From these heights, the Templars fell: afoul of the King of France, afoul of Lady Fortune, afoul of the swords raised against them on order by those who would have protected them.
Set against the backdrop of the Crusades, Dan Jones weaves a tale worthy of a tapestry: the Rise and Fall of the Templar Order.
Beowulf by Anonymous, Seamus Heaney (translator)
The best translation of the greatest English epic, featuring warriors, monsters, and dragons.
The Graveyard Book by Neil Gaiman
Family doesn’t end in blood. Family doesn’t even end in death. Nobody Owens can tell you that: he was raised by ghosts in graveyard. But as he grows, he must face the mysterious, tragic circumstances that brought him to this position in the first place.

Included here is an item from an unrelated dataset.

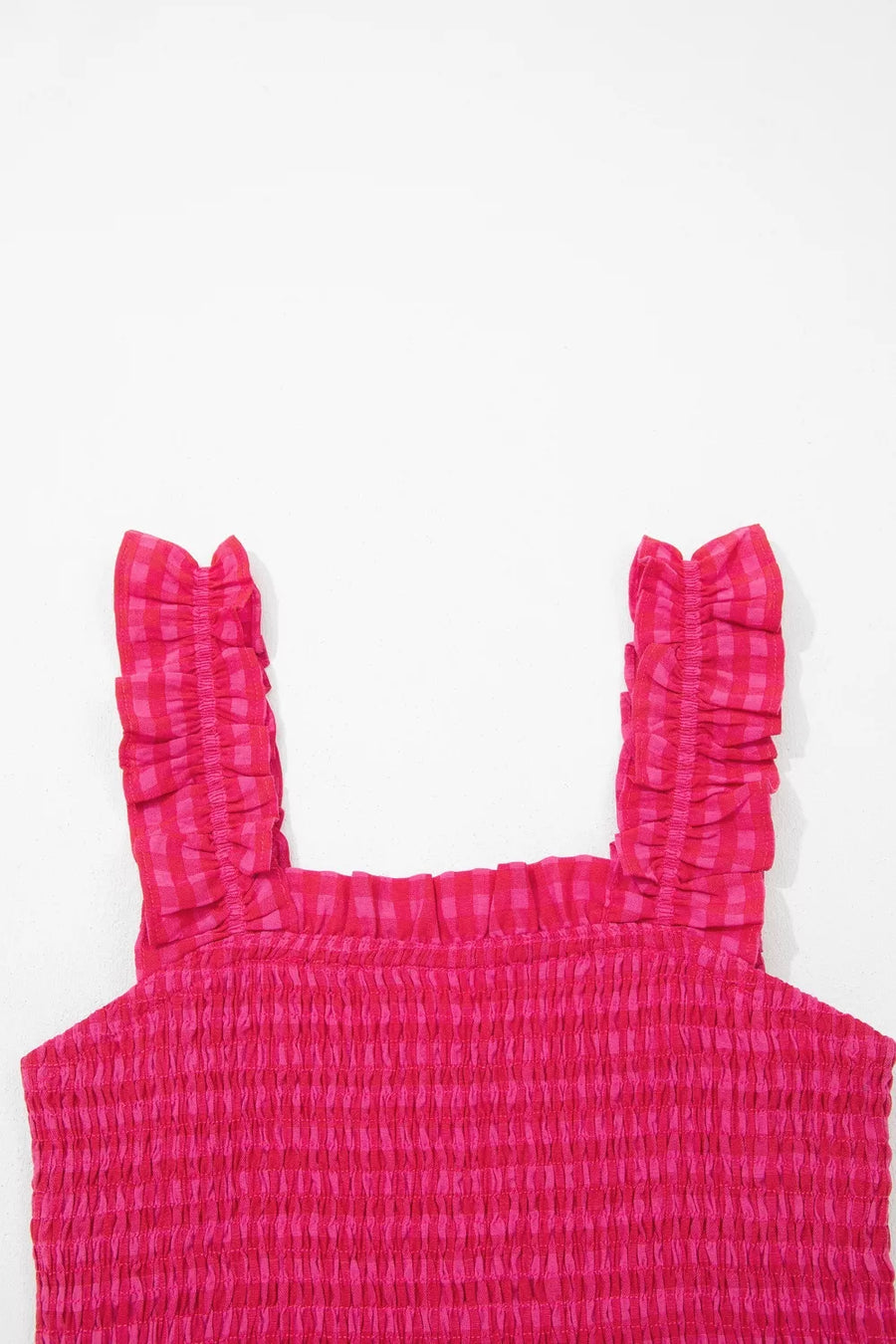 Smocked sundress with ruffled straps in deep rose gingham cotton.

A wonderful, though slightly chilling and creepy, tale of suspense from a living master of the genre.
Taverns of the American Revolution by Adrian Covert
I received this book in a Goodread’s giveaway some time ago. I only recently rediscovered it in my wife’s car, and read it in a short afternoon.
Despite the title, this is really a retelling of the American revolution, with tavern information in sidebars and feature boxes rather than as the main event.
In the first chapter alone, the author misuses the term “puritan” several times and speaks glowingly of so-called “historian” Howard Zinn.
With this bias made clear, it should be readily apparent that this book is suitable for establishing a drinking trip featuring historic sites, and nothing more.
The Snacking Dead: A Parody in a Cookbook by D.B. Walker
This is a cookbook centered around a parody of the Walking Dead. Suffice to say the plot is relatively unsatisfying, but as I’ve yet to make a single recipe, I cannot speak for the food itself.
I found the “tips” on each recipe to be the real humor; tips like “A long handled metal pizza peel is an ideal weapon for fighting the undead”.